Beginning with the line that holds "slide 1 of 14, Simply", copy each line through the end of the material below, exactly and with no pictures.

### INPUT DATA

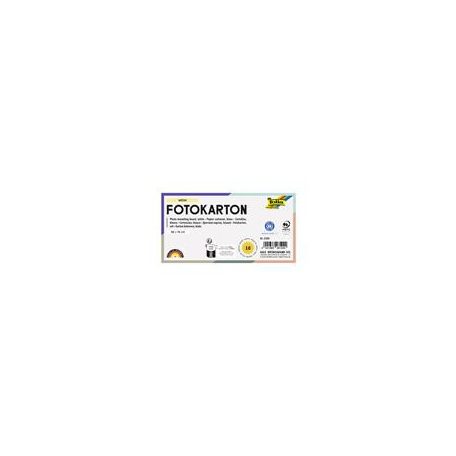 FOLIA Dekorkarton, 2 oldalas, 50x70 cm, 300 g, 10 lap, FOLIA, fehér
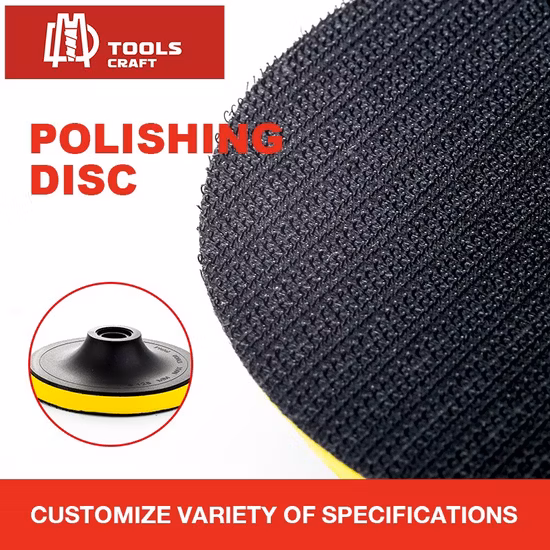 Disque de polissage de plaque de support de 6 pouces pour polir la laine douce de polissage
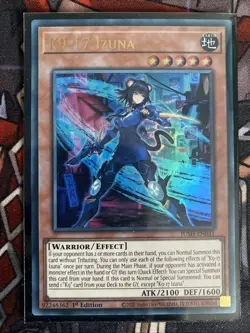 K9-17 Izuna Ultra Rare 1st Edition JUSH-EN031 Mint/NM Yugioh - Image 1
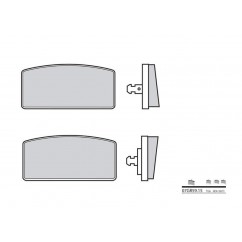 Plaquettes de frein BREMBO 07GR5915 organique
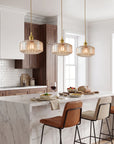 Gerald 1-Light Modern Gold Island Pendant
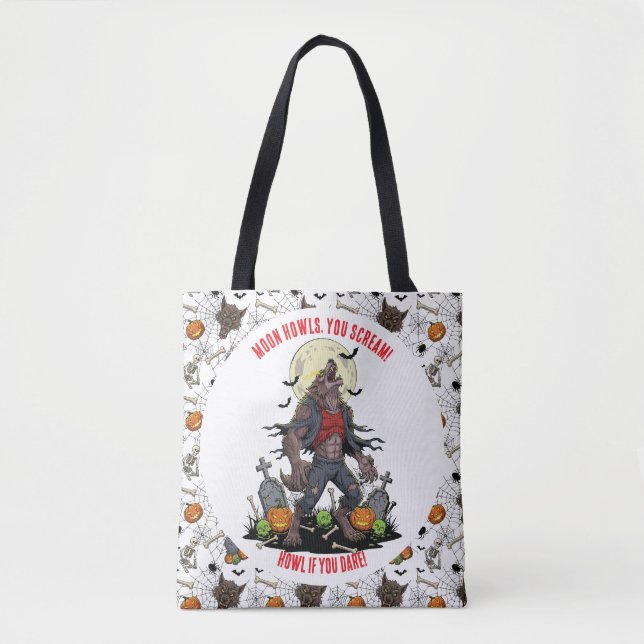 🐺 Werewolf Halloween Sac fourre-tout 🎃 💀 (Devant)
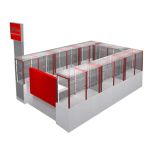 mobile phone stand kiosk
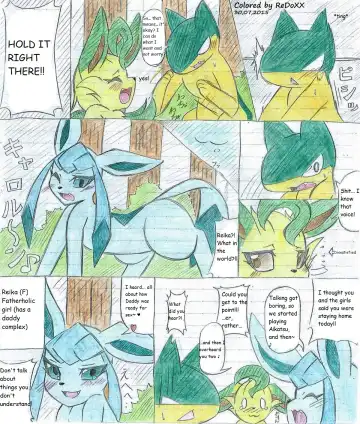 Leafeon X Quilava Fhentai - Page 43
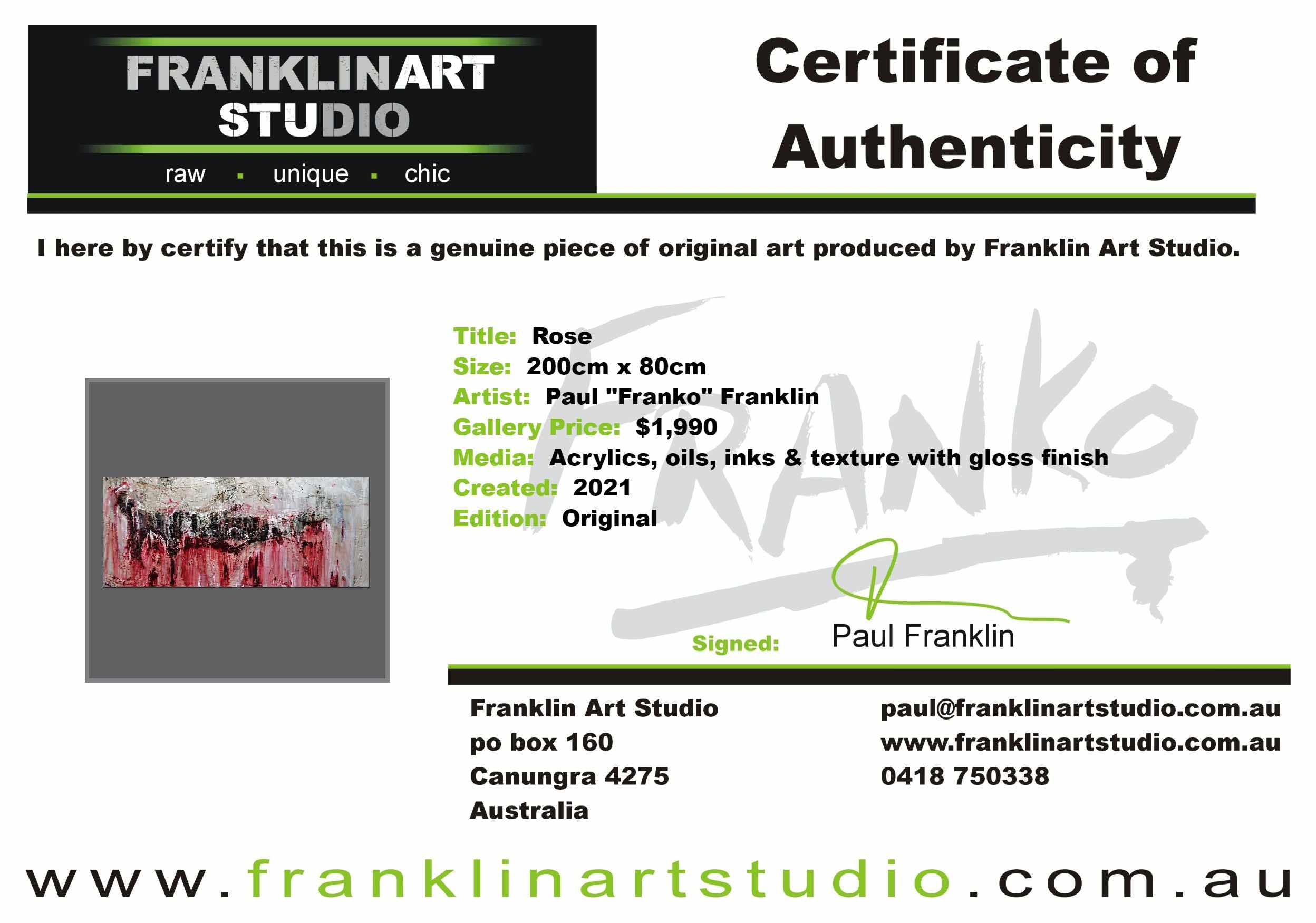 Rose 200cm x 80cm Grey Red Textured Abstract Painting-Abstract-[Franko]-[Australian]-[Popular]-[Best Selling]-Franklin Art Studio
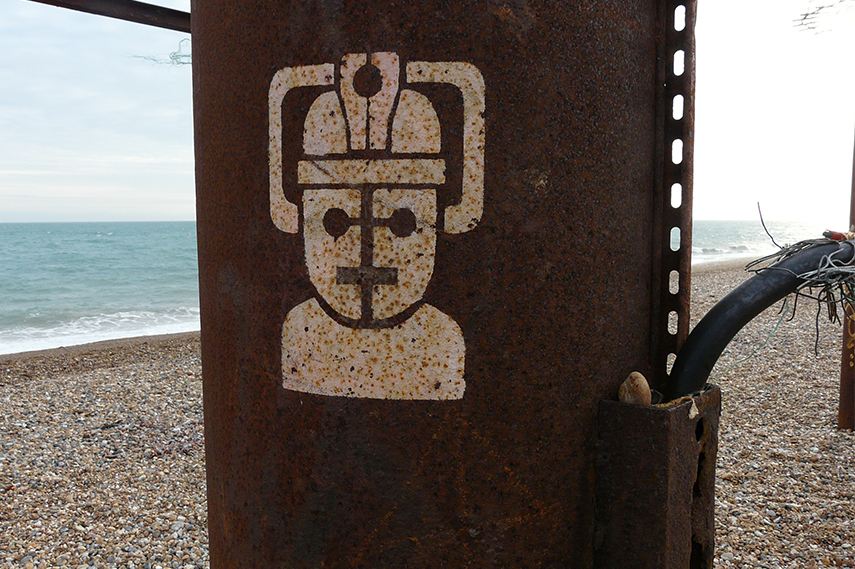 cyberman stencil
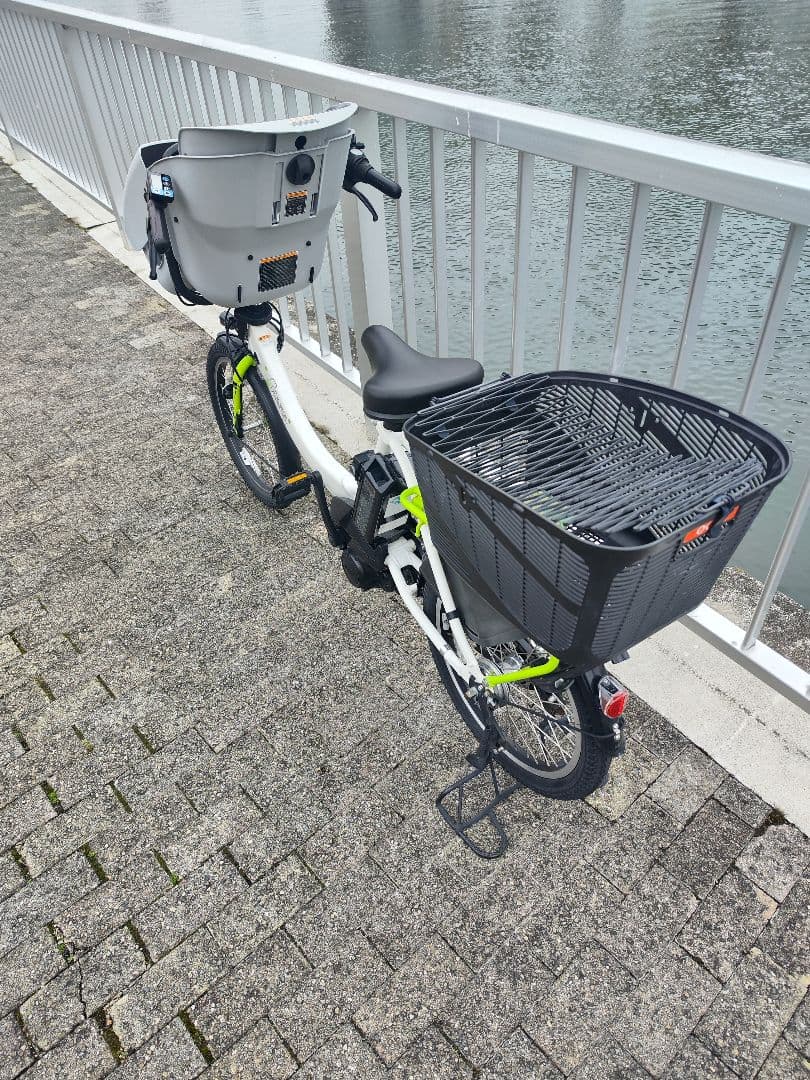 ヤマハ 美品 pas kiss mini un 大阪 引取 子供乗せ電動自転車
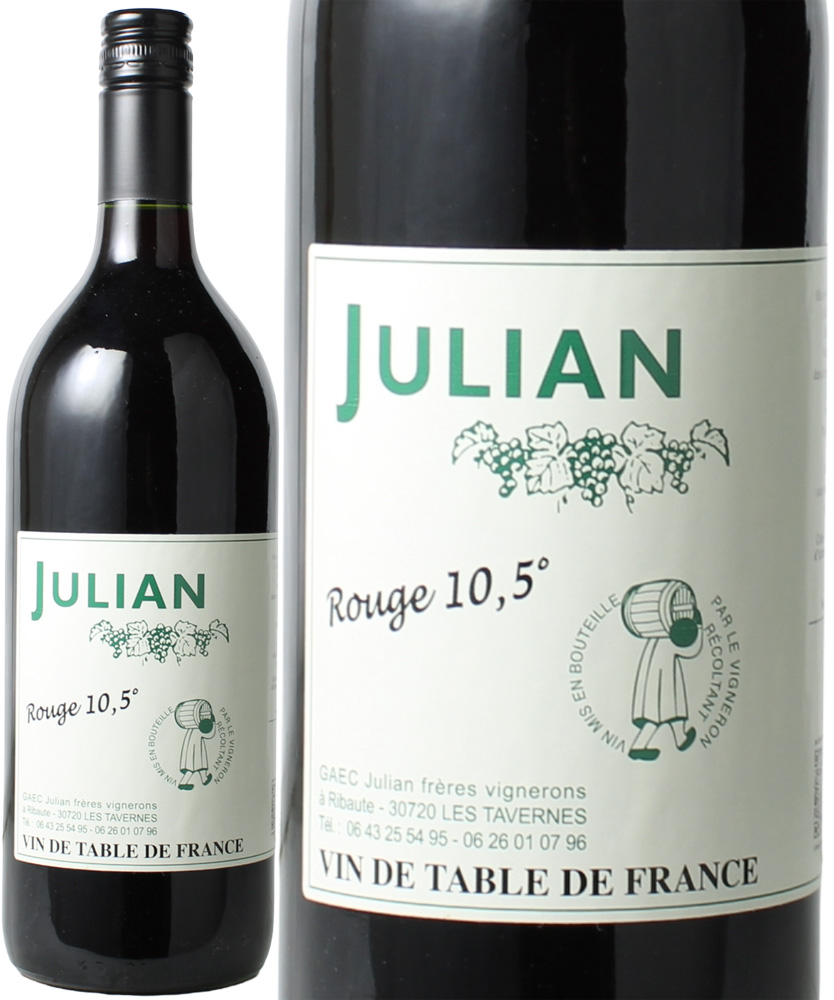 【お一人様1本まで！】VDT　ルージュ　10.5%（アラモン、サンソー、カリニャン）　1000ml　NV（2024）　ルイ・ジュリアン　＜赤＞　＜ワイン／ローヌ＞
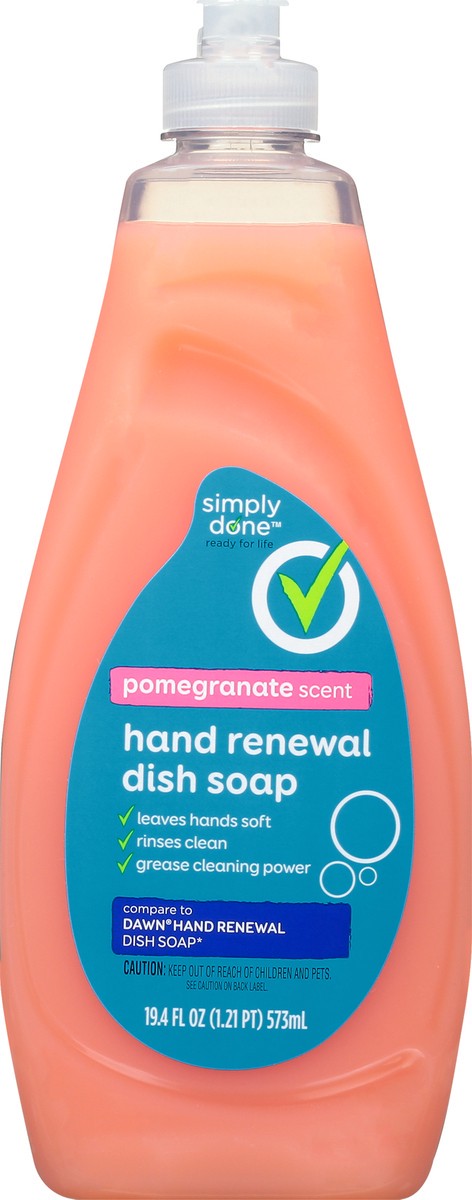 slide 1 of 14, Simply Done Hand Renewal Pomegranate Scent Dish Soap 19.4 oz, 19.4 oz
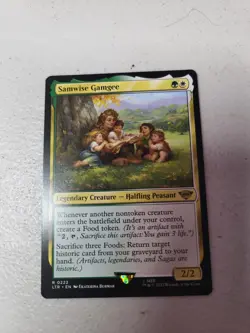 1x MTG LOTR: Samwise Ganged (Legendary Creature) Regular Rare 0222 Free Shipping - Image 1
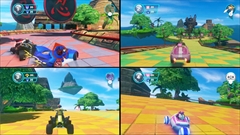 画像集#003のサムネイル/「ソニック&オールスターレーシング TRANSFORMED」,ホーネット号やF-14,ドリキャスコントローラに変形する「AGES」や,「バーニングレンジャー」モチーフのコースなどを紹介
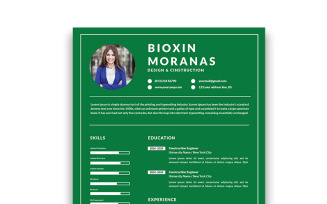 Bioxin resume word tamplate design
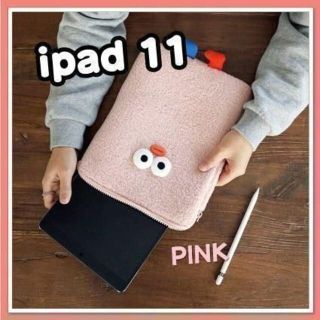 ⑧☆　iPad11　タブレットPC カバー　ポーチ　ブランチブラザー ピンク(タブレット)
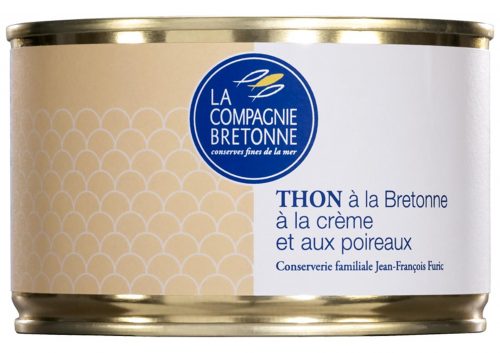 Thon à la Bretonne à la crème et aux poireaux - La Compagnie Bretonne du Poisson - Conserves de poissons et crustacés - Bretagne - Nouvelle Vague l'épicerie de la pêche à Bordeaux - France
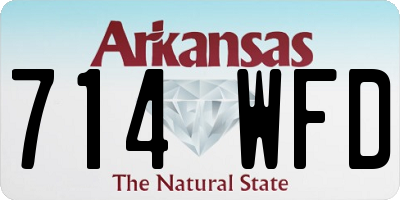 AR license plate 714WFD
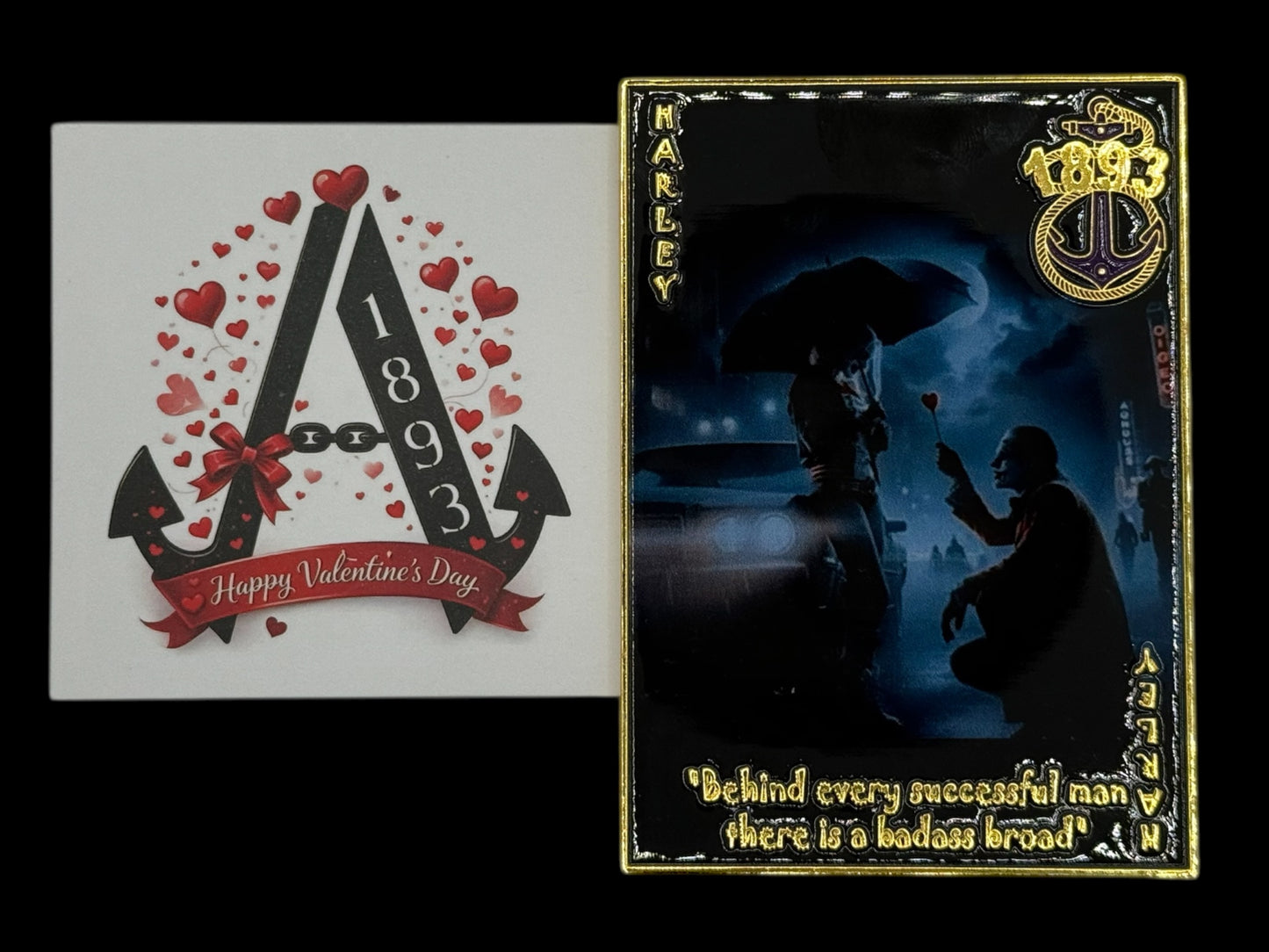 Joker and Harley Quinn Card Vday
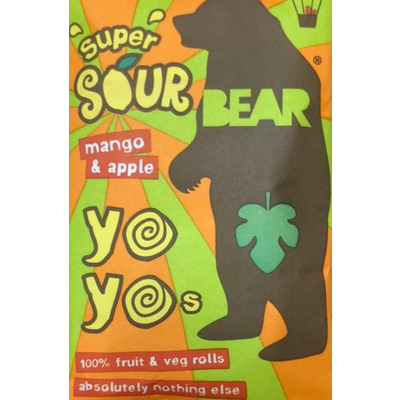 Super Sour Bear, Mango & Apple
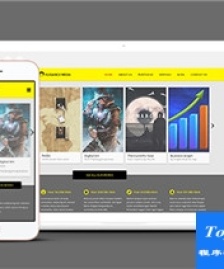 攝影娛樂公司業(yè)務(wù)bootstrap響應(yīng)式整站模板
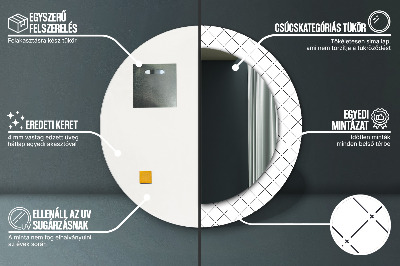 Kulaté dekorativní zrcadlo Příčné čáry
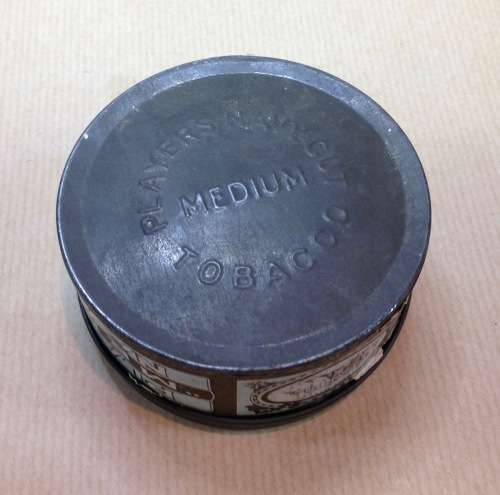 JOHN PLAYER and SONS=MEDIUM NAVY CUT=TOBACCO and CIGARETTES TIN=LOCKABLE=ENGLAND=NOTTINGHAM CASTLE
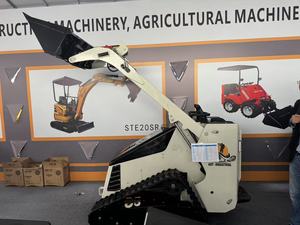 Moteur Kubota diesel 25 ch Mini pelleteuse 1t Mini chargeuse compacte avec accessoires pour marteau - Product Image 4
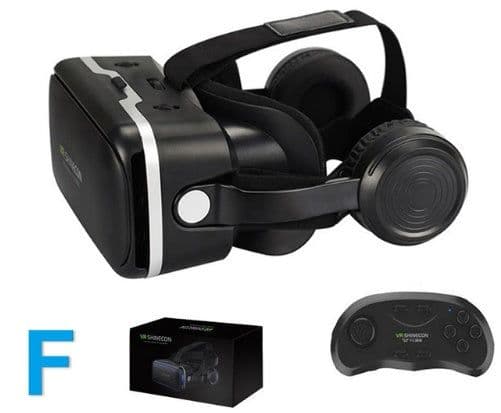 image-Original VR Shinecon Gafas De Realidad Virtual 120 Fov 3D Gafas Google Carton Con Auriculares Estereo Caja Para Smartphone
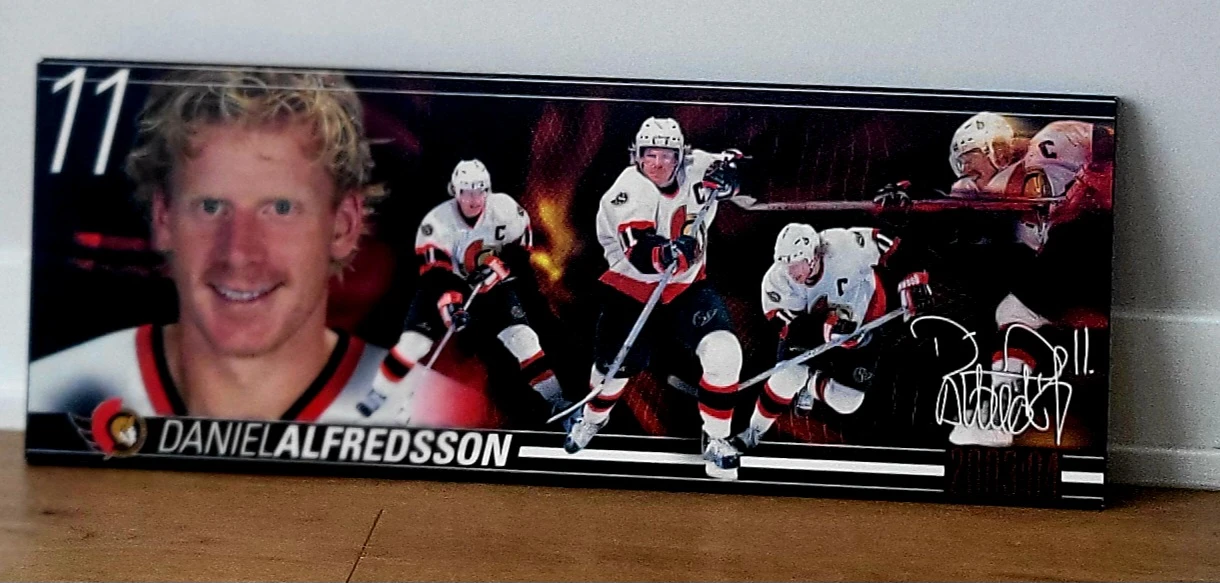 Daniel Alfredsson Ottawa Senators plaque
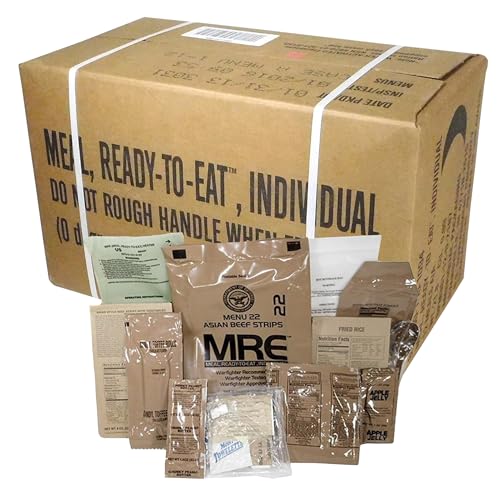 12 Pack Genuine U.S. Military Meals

######

§ ANSWER SPACE
 slide 1 of 14, Simply Done Hand Renewal Pomegranate Scent Dish Soap 19.4 oz, 19.4 oz
 1x MTG LOTR: Samwise Ganged (Legendary Creature) Regular Rare 0222 Free Shipping - Image 1
 画像集#003のサムネイル/「ソニック&オールスターレーシング TRANSFORMED」,ホーネット号やF-14,ドリキャスコントローラに変形する「AGES」や,「バーニングレンジャー」モチーフのコースなどを紹介
 Bioxin resume word tamplate design
 ⑧☆　iPad11　タブレットPC カバー　ポーチ　ブランチブラザー ピンク(タブレット)
 Thon à la Bretonne à la crème et aux poireaux - La Compagnie Bretonne du Poisson - Conserves de poissons et crustacés - Bretagne - Nouvelle Vague l'épicerie de la pêche à Bordeaux - France
 AR license plate 714WFD
 Joker and Harley Quinn Card Vday
 Super Sour Bear, Mango & Apple
 攝影娛樂公司業(yè)務(wù)bootstrap響應(yīng)式整站模板
 Kulaté dekorativní zrcadlo Příčné čáry
 JOHN PLAYER and SONS=MEDIUM NAVY CUT=TOBACCO and CIGARETTES TIN=LOCKABLE=ENGLAND=NOTTINGHAM CASTLE
 Moteur Kubota diesel 25 ch Mini pelleteuse 1t Mini chargeuse compacte avec accessoires pour marteau - Product Image 4
 image-Original VR Shinecon Gafas De Realidad Virtual 120 Fov 3D Gafas Google Carton Con Auriculares Estereo Caja Para Smartphone
 Daniel Alfredsson Ottawa Senators plaque
 12 Pack Genuine U.S. Military Meals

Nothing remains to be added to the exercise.